Reported net loss in the quarter came in at $25.1 million or 53 cents per diluted share, versus net income of $14.2 million or 35 cents in the year-ago quarter. However, excluding restructuring charges and acquisition costs but including stock-based compensation, adjusted net income came in at $26.1 million or 55 cents (pls ckh point 8 for calculation in the press release).

The company generated cash from operating activities of $115.2 million for the first quarter compared with $122.9 million in the previous quarter and $99.8 million in the year-ago quarter.
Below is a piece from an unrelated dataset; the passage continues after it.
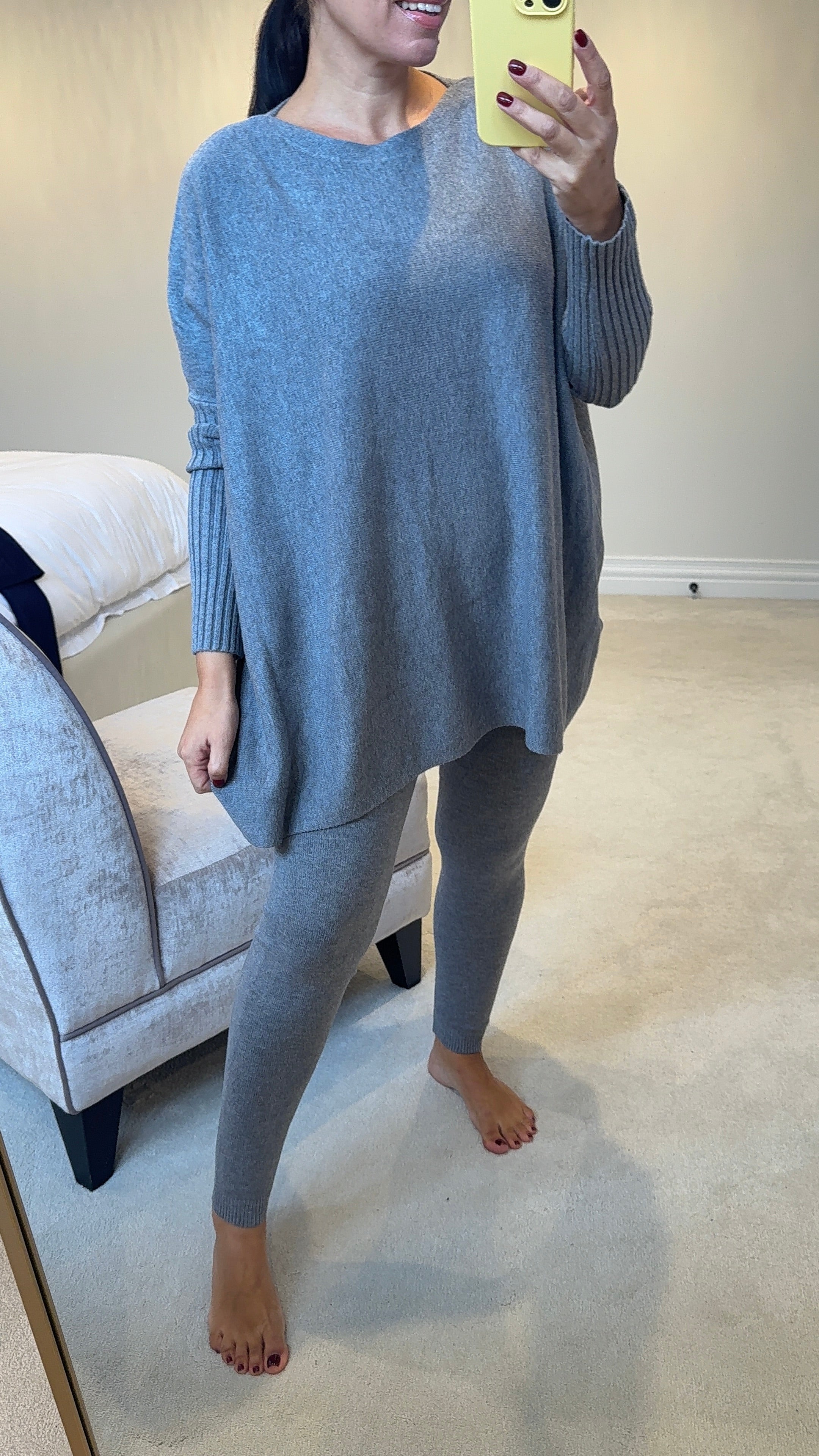 Hessa Plain Loose Fit Super Soft Knitted Loungewear Set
Capital expenditures in the first quarter were $172.5 million, of which $139.8 million was attributed to future expansion strategies and the remaining $32.7 million was attributed to the ongoing capital expenditures. Equinix exited the quarter with cash, cash equivalents and investments of $456.7 million compared with $592.8 million as of December 31, 2010.

Guidance

For the second quarter of 2011, the company expects revenues in the range of $376.0 to $378.0 million. Cash gross margins are expected to be approximately 65.0%. Cash selling, general and administrative expenses are projected to be roughly $76.0 million.

Adjusted EBITDA is expected to be in $166.0 and $170.0 million range. Capital expenditures are expected to be in the range of $220.0 and $240.0 million, comprising approximately $40.0 million of ongoing capital expenditures and between $180.0 and $200.0 million for expansion strategies.
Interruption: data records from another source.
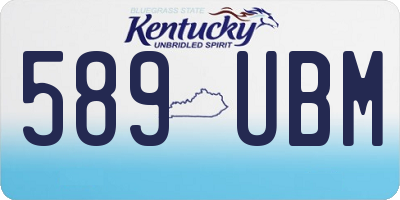 KY license plate 589UBM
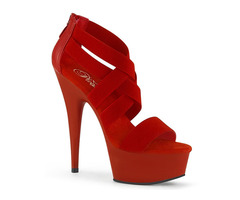 PleaserUSA Delight 609 6? Red Stiletto Heel Platform Criss-Cross Elastic Straps Sandal | free-classifieds-usa.com - 1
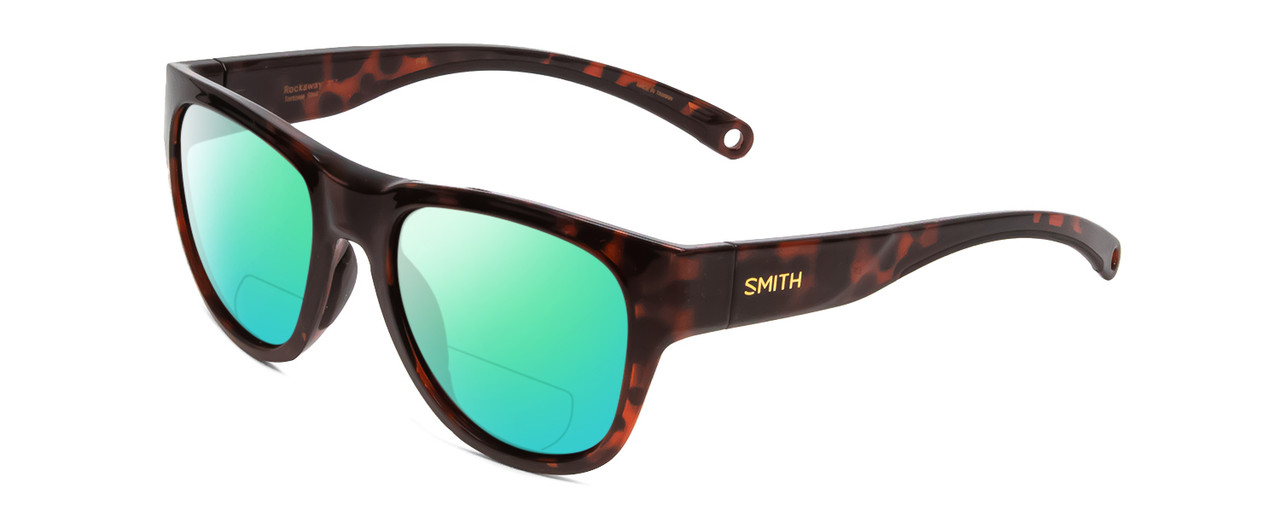 Profile View of Smith Optics Rockaway Designer Polarized Reading Sunglasses with Custom Cut Powered Green Mirror Lenses in Tortoise Havana Brown Gold Ladies Cateye Full Rim Acetate 52 mm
For fiscal 2011, total revenues are expected to be more than $1,525.0 million. Cash gross margin is expected to range between 65.0% and 66.0%. Cash selling, general and administrative expenses are expected to approximate $315.0 million.Adjusted EBITDA for the full-year is expected to be greater than $685.0 million. Capital expenditures for 2011 are expected to be in the range of $615.0 to $665.0 million, comprising approximately $115.0 million of ongoing capital expenditures and $500.0 to $550.0 million for expansion strategies.

Conclusion

We are encouraged by Equinix’ effort to expand the current facilities and also maintaining its fiscal discipline simultaneously. We are positive about its recurring revenue model. However, increased competition, European exposure, industry consolidation and a long sales cycle are causes for concern.

The company currently has a Zacks #3 Rank, implying a short-term Hold rating.